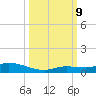 Shark Key tide chart for Wednesday, October 9, 2024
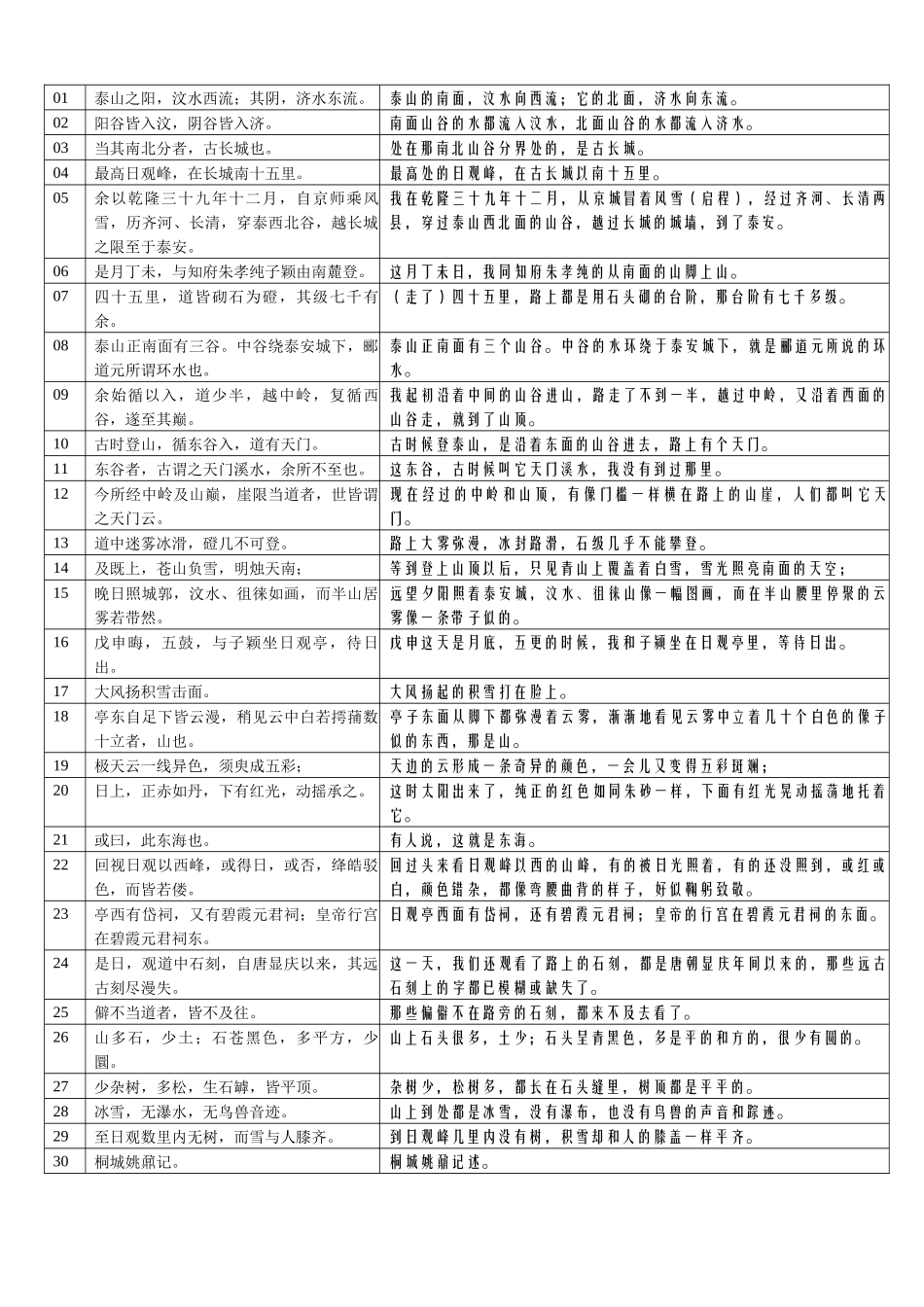 30-《登泰山记》表格句译-20241112_第1页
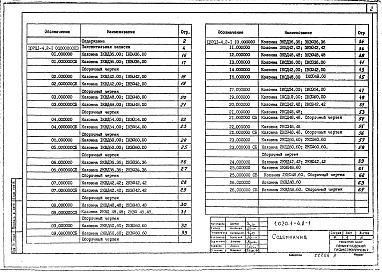 Состав альбома. Серия 1.020.1-4 КонструкцииВыпуск 2-1 Колонны. Рабочие чертежи 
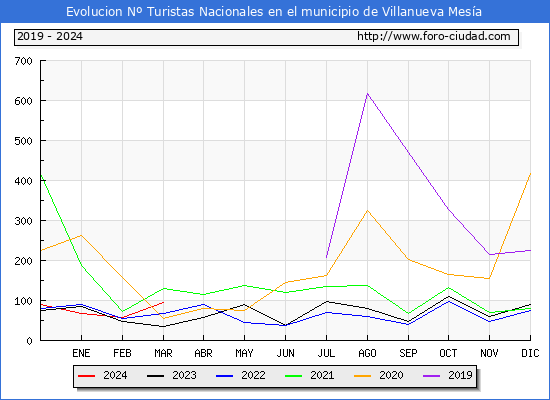 Evolucin Numero de turistas de origen Espaol en el Municipio de Villanueva Mesa hasta Marzo del 2024.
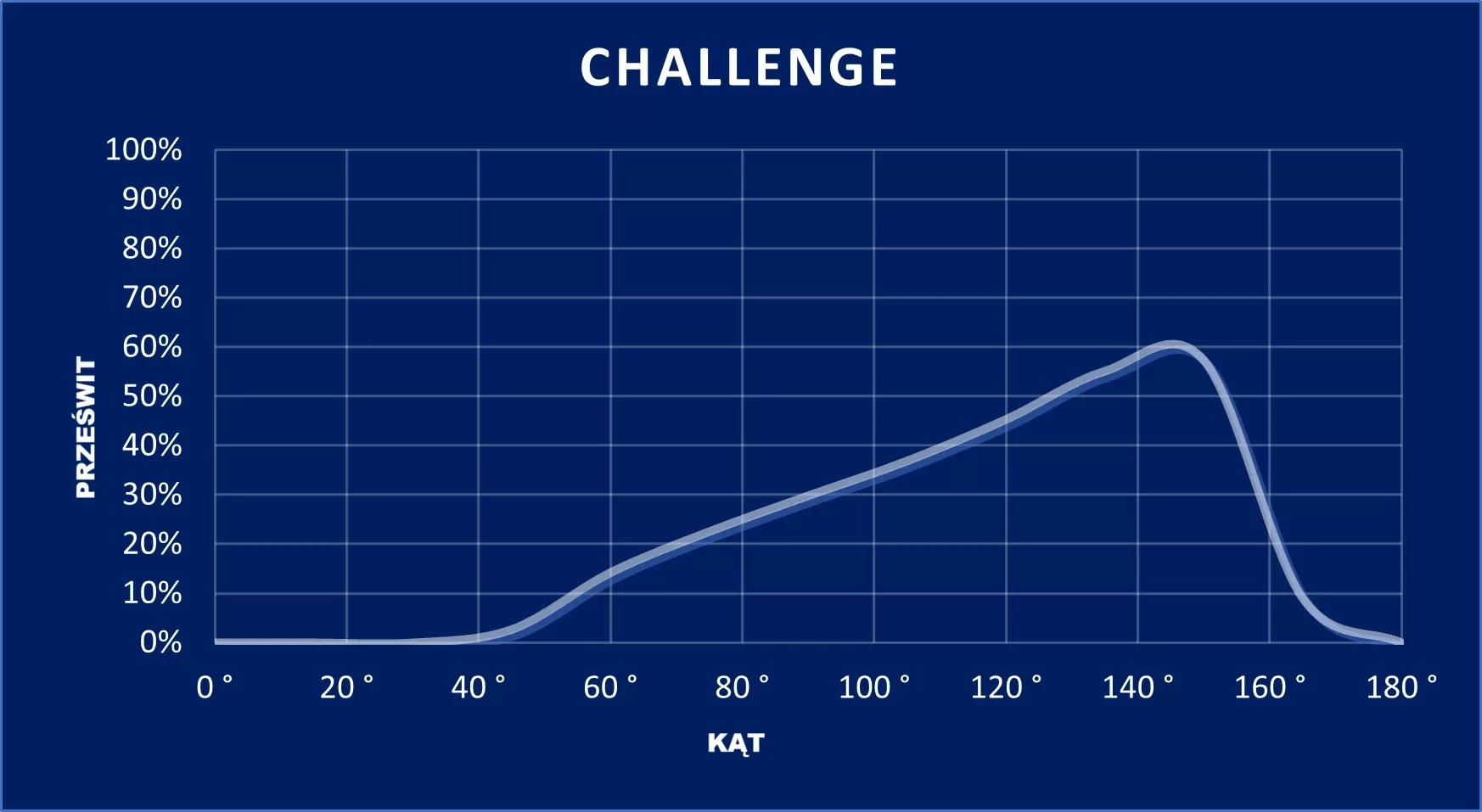wykres Challenge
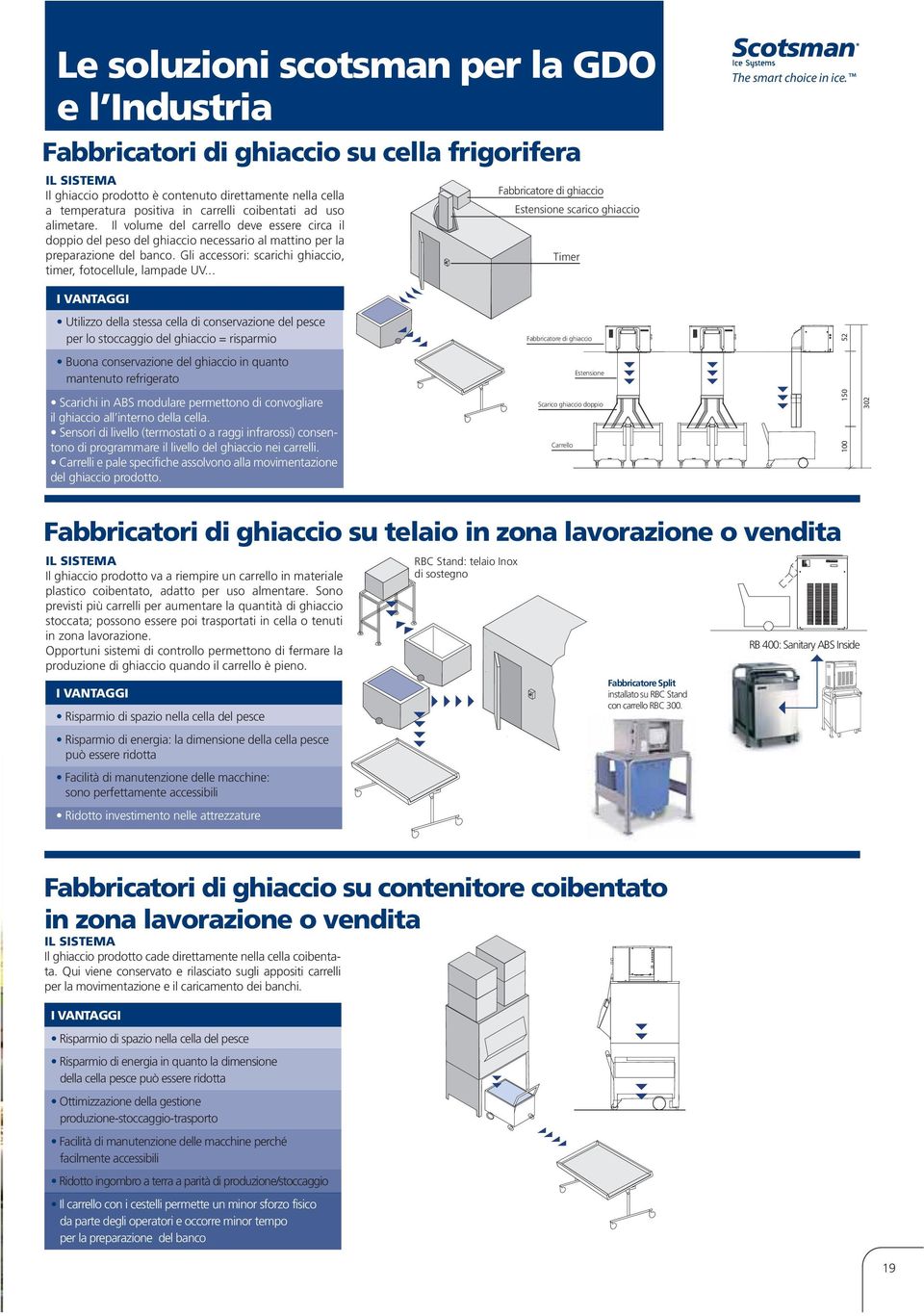 Gli accessori: scarichi ghiaccio, timer, fotocellule, lampade UV... Fabbricatore di ghiaccio Estensione scarico ghiaccio Timer The smart choice in ice.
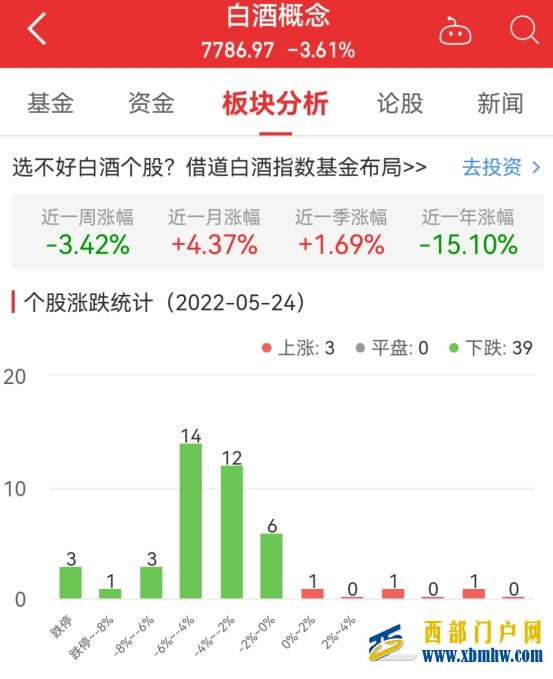 白酒概念板块跌3.61%青海春天涨8.92%居首(图1)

• [TASK TO COMPLETE]
Your reply should give again exactly the lines from the one with "Состав альбома. Серия" through the last line of the data, with both ends included and pictures left out.

• [FINISHED TASK]
 Состав альбома. Серия 1.020.1-4 КонструкцииВыпуск 2-1 Колонны. Рабочие чертежи 
 Evolucin Numero de turistas de origen Espaol en el Municipio de Villanueva Mesa hasta Marzo del 2024.
wykres Challenge
 Gli accessori: scarichi ghiaccio, timer, fotocellule, lampade UV... Fabbricatore di ghiaccio Estensione scarico ghiaccio Timer The smart choice in ice.
 白酒概念板块跌3.61%青海春天涨8.92%居首(图1)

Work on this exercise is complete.